“The openness is happening, but somehow, canna-tourism hasn’t taken off,” says one entrepreneur
Last spring, Darrin Zeer invited a handful of guests to his cannabis-infused yoga retreat in Alberta’s Bragg Creek, nestled in the foothills of the Canadian Rockies just west of Calgary’s metropolitan hum.
The Alberta-born, Colorado-based yoga teacher and mindfulness expert is accustomed to offering cannabis samples at his retreats. But this one was different: Those who attended his Bragg Creek event had to bring their own weed. And even though cannabis for recreational use became legal in October of 2018, facility managers were also hesitant to host the event — guests weren’t given its address until after they registered.

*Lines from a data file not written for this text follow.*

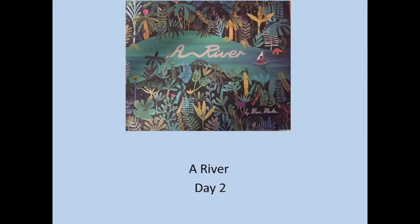Morning children, it's Tuesday and we have another day looking at the book A River. I hope you enjoy.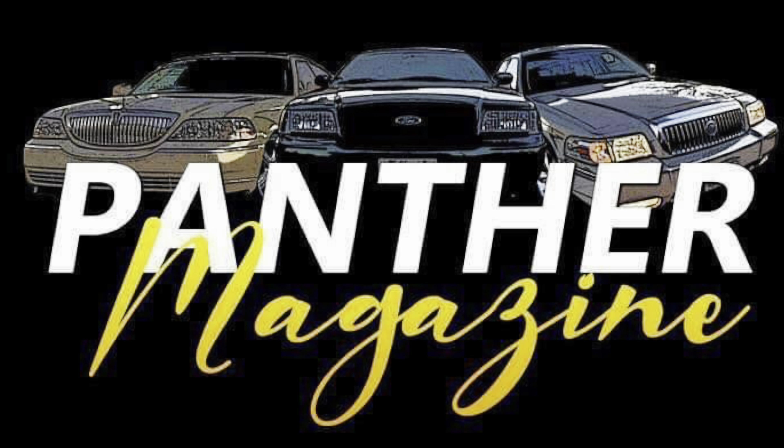Panther Magazine — the Panther Platform lookbook and the official publication for the Panther Platform.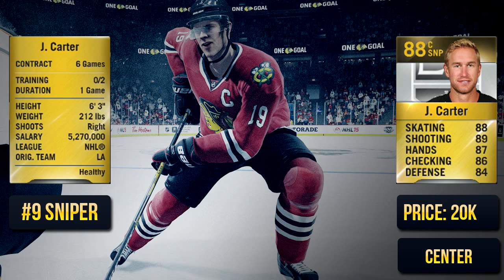The number nine spot is Jeff Carter on the Los Angeles Kings. This card is very, very good. He doesn't look like an amazing player and he's not the most talked-about sniper in the NHL, but in NHL 15 he's a very good player — very fast with an amazing shot and very good puck control.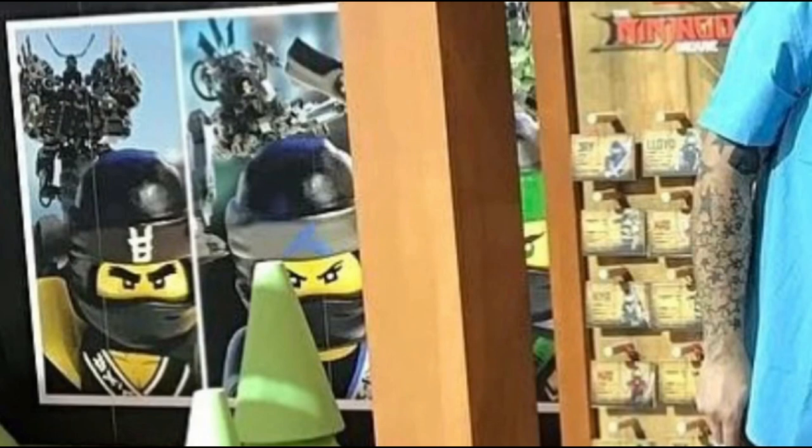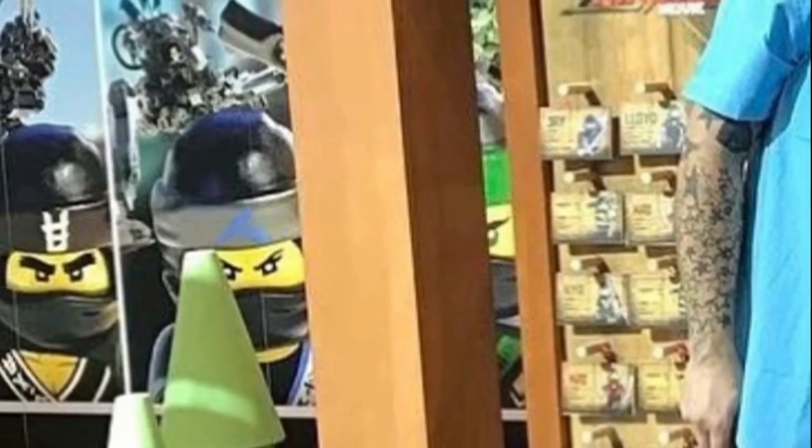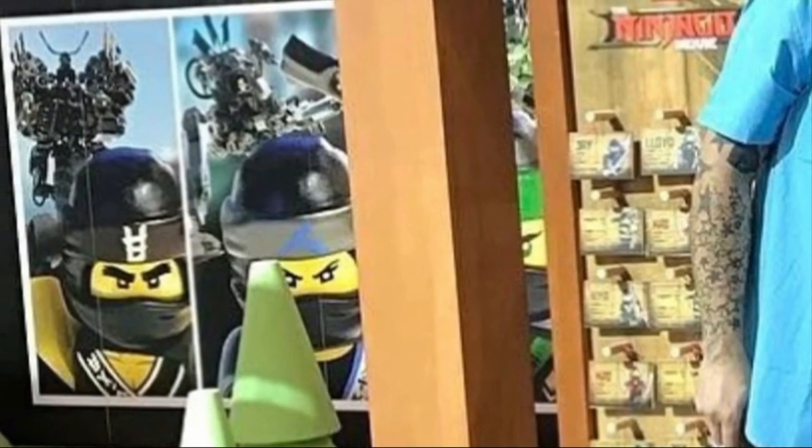The first thing I want to note is in the picture with Cole, Nia, and Lloyd, you can see on the far right that there appears to be some name tags. Now these are mainly insignificant, however I do think these could have a possibility of being in some form of product you could buy from the LEGO store — maybe like a keychain sort of thing you could put on your backpack. These could even technically be minifigure packs, but most likely they're just name tags, although those are small possibilities.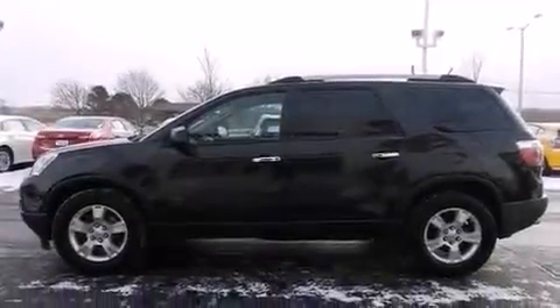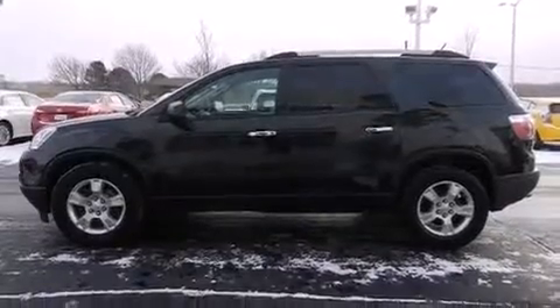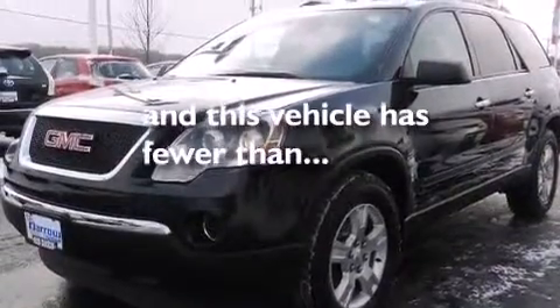Additional features include a split folding rear seat, cruise control, and a rear window defroster. This vehicle has fewer than 50,000 miles on the odometer.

Even in Alberta, one of the most liberal provinces in Canada for cannabis use, legalization hasn’t sparked a successful wave of cannabis tourism.
“The openness is happening, but somehow, canna-tourism hasn’t taken off,” Zeer explained. “I think resorts are still afraid that they’ll get stigmatized as ‘the weed hotel.”
Alberta draws millions of tourists a year through sites such as Jasper National Park, the Alberta Badlands and Kananaskis. Grabbing a joint or two for the trail is also fantastically easy: Alberta has more than 300 legal cannabis stores serving a population of just under 4.5 million people. But weed simply isn’t luring tourists into the province.
The consumption conundrum
For starters, there isn’t a guarantee that tourists can find a place to light up during their travels in the region. National parks and Alberta provincial parks allow visitors to consume cannabis within certain restrictions, but the province’s municipalities are allowed to tighten those rules even further. Banff is one of them. Smoking or vaping cannabis in public is prohibited across the entire town. The same goes for the city of Calgary (although Edmonton allows for public consumption in areas where smoking is permitted).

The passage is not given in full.